### DIRECTIONS FOR THIS TASK
Restate the listing below word for word. No picture belongs in the result.
Start of DATASET CONTENT
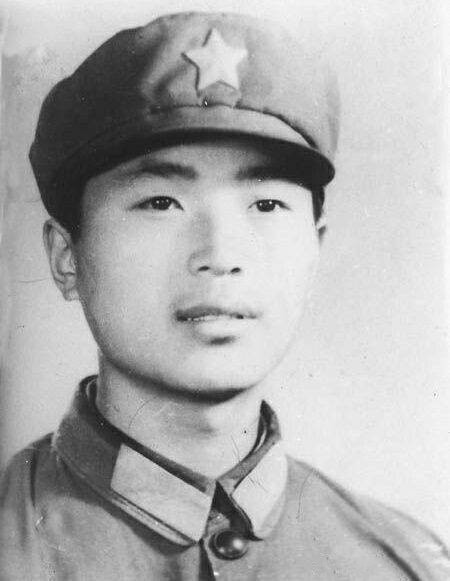 顾克路，花季少年生命定格在17岁，为了祖国母亲安宁，长眠在南疆，青山有幸埋忠骨，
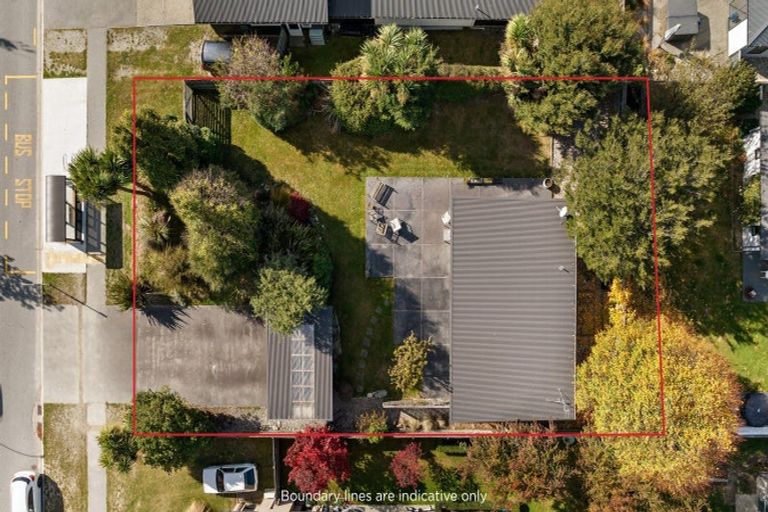 Photo of property in 32 Sylvan Street, Lake Hayes, Queenstown, 9304
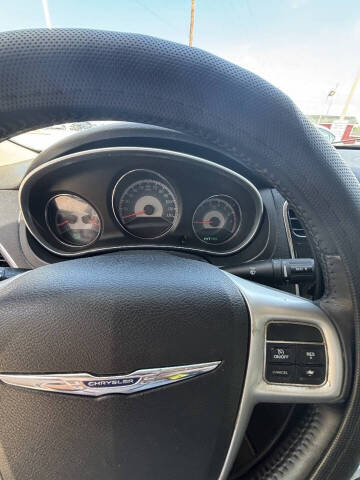 2012 Chrysler 200 Limited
End of DATASET CONTENT
### SOLVED PROBLEM
 顾克路，花季少年生命定格在17岁，为了祖国母亲安宁，长眠在南疆，青山有幸埋忠骨，
 Photo of property in 32 Sylvan Street, Lake Hayes, Queenstown, 9304
 2012 Chrysler 200 Limited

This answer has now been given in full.